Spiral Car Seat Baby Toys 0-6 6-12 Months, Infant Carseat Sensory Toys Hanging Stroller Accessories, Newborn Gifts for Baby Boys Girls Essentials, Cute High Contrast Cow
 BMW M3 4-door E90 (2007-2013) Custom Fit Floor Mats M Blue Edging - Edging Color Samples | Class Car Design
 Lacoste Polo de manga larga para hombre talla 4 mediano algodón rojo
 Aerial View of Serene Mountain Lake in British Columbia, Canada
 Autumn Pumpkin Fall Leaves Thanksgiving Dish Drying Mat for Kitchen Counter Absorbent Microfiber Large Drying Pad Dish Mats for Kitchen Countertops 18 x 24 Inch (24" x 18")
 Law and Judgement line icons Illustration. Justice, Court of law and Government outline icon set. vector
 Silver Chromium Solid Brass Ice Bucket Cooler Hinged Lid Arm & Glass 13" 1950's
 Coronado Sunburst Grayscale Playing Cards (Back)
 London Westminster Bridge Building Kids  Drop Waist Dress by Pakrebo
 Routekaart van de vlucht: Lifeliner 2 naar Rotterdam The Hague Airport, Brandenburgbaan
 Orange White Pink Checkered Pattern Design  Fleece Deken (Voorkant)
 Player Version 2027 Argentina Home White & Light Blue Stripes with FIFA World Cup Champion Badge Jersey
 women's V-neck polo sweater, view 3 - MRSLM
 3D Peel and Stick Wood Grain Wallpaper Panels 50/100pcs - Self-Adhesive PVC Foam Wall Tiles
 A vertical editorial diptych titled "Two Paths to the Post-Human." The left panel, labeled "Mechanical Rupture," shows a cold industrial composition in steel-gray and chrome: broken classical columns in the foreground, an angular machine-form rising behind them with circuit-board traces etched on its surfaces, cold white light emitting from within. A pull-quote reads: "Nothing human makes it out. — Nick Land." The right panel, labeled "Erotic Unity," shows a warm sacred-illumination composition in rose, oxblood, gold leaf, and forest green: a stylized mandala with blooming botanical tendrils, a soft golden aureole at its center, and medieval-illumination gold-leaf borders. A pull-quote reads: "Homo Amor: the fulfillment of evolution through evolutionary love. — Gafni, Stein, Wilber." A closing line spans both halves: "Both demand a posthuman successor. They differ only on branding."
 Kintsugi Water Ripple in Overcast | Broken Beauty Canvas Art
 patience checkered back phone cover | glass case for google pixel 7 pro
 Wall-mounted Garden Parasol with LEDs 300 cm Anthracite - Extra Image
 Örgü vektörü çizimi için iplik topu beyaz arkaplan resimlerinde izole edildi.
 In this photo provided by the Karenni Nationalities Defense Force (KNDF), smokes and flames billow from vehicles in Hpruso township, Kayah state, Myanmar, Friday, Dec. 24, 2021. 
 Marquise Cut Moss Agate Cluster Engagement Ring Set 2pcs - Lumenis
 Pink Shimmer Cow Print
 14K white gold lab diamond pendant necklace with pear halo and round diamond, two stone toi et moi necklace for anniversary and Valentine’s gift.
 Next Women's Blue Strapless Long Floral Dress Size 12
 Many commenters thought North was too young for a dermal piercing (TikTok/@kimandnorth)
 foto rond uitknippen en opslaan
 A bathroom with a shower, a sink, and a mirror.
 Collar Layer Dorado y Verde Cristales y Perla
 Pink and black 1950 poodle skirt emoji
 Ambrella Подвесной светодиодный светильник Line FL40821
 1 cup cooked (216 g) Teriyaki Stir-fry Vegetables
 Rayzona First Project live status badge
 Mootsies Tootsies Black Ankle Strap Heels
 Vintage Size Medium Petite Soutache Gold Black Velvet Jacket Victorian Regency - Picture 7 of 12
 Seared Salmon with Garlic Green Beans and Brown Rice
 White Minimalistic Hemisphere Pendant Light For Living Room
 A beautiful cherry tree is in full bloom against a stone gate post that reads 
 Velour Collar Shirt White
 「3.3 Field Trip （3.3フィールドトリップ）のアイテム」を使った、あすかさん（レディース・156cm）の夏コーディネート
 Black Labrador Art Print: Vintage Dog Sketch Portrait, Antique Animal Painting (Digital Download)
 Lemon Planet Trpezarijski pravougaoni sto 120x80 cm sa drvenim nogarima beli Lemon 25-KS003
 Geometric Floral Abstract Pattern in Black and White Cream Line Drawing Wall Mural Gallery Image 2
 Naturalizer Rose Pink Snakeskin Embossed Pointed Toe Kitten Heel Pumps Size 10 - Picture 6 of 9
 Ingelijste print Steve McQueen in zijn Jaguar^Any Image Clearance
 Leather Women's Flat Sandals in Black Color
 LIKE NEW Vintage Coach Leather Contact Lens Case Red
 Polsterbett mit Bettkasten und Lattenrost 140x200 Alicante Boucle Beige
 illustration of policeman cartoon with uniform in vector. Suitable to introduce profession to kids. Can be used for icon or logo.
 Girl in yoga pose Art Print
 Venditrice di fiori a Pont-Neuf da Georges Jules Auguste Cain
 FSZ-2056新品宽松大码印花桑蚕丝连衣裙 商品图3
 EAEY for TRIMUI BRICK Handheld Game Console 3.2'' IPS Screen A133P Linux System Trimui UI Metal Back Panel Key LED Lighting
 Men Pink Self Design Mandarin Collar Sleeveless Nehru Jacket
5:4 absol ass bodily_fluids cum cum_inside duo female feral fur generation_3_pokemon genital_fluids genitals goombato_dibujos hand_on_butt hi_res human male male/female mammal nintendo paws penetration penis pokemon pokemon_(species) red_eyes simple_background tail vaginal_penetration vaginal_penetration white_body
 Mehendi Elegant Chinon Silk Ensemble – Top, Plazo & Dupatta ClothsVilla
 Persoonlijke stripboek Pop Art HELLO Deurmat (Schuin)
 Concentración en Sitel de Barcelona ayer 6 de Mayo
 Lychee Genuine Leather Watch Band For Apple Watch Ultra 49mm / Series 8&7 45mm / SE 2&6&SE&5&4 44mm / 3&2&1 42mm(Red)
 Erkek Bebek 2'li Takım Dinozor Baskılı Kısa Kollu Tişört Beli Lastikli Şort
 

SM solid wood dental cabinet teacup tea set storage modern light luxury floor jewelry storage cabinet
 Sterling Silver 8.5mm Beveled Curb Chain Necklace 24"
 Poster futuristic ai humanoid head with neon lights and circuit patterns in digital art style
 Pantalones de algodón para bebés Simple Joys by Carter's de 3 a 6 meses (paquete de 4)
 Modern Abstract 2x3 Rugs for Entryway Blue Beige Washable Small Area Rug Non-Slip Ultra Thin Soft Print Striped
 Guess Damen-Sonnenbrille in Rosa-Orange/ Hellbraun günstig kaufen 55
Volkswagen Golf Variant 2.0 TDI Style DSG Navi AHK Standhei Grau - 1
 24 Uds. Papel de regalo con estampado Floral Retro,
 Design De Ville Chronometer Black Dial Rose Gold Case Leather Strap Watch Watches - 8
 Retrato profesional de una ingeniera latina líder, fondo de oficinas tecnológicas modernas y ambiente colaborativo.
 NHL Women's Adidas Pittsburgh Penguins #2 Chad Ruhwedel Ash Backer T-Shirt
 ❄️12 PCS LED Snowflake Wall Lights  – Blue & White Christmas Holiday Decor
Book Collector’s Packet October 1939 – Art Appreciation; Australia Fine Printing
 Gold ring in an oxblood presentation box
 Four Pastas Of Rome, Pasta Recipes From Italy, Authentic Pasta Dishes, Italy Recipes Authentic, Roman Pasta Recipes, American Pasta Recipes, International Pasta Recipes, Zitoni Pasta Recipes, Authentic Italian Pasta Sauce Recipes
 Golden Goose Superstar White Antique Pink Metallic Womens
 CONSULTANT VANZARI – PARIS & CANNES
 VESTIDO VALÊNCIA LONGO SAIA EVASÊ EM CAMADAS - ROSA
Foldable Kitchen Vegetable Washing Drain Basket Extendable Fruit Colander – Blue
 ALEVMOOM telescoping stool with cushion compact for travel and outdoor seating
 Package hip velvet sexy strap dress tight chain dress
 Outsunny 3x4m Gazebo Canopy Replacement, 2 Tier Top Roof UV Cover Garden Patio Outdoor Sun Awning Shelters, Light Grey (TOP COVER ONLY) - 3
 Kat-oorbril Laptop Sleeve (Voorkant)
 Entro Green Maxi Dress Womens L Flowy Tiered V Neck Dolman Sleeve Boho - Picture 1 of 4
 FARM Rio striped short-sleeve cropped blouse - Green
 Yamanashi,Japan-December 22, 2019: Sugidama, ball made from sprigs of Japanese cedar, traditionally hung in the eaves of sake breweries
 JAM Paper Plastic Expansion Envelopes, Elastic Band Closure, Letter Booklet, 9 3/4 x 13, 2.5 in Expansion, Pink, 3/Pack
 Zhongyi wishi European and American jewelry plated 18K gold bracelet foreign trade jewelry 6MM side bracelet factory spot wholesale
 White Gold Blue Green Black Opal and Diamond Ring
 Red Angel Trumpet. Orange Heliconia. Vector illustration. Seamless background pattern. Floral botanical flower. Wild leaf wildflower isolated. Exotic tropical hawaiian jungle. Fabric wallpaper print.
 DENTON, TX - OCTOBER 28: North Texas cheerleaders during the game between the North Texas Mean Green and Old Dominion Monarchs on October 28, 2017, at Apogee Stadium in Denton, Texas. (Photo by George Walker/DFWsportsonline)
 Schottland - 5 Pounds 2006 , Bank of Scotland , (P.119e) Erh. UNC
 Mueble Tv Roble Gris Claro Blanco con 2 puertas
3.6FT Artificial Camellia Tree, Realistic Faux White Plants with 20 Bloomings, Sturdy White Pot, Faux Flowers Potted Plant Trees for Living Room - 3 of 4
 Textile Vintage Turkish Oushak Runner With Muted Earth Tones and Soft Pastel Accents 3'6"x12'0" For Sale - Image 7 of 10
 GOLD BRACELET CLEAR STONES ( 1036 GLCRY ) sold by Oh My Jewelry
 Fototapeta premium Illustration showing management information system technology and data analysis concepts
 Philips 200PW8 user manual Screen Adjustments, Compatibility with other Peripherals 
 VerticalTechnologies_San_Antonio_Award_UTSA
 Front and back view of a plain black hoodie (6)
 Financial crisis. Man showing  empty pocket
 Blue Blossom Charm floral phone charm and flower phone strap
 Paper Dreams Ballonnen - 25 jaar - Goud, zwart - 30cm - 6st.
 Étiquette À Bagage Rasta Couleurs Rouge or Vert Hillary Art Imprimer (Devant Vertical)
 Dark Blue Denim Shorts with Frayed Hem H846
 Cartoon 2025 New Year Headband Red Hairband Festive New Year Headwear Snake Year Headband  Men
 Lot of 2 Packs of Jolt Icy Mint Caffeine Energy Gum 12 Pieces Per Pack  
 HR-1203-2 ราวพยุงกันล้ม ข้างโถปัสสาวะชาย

#####

Aim of the exercise
Retype exactly the lines above, from the one with "Four Pastas Of" through the one with "Red Angel Trumpet.", inclusive.

Exercise response
 Four Pastas Of Rome, Pasta Recipes From Italy, Authentic Pasta Dishes, Italy Recipes Authentic, Roman Pasta Recipes, American Pasta Recipes, International Pasta Recipes, Zitoni Pasta Recipes, Authentic Italian Pasta Sauce Recipes
 Golden Goose Superstar White Antique Pink Metallic Womens
 CONSULTANT VANZARI – PARIS & CANNES
 VESTIDO VALÊNCIA LONGO SAIA EVASÊ EM CAMADAS - ROSA
Foldable Kitchen Vegetable Washing Drain Basket Extendable Fruit Colander – Blue
 ALEVMOOM telescoping stool with cushion compact for travel and outdoor seating
 Package hip velvet sexy strap dress tight chain dress
 Outsunny 3x4m Gazebo Canopy Replacement, 2 Tier Top Roof UV Cover Garden Patio Outdoor Sun Awning Shelters, Light Grey (TOP COVER ONLY) - 3
 Kat-oorbril Laptop Sleeve (Voorkant)
 Entro Green Maxi Dress Womens L Flowy Tiered V Neck Dolman Sleeve Boho - Picture 1 of 4
 FARM Rio striped short-sleeve cropped blouse - Green
 Yamanashi,Japan-December 22, 2019: Sugidama, ball made from sprigs of Japanese cedar, traditionally hung in the eaves of sake breweries
 JAM Paper Plastic Expansion Envelopes, Elastic Band Closure, Letter Booklet, 9 3/4 x 13, 2.5 in Expansion, Pink, 3/Pack
 Zhongyi wishi European and American jewelry plated 18K gold bracelet foreign trade jewelry 6MM side bracelet factory spot wholesale
 White Gold Blue Green Black Opal and Diamond Ring
 Red Angel Trumpet. Orange Heliconia. Vector illustration. Seamless background pattern. Floral botanical flower. Wild leaf wildflower isolated. Exotic tropical hawaiian jungle. Fabric wallpaper print.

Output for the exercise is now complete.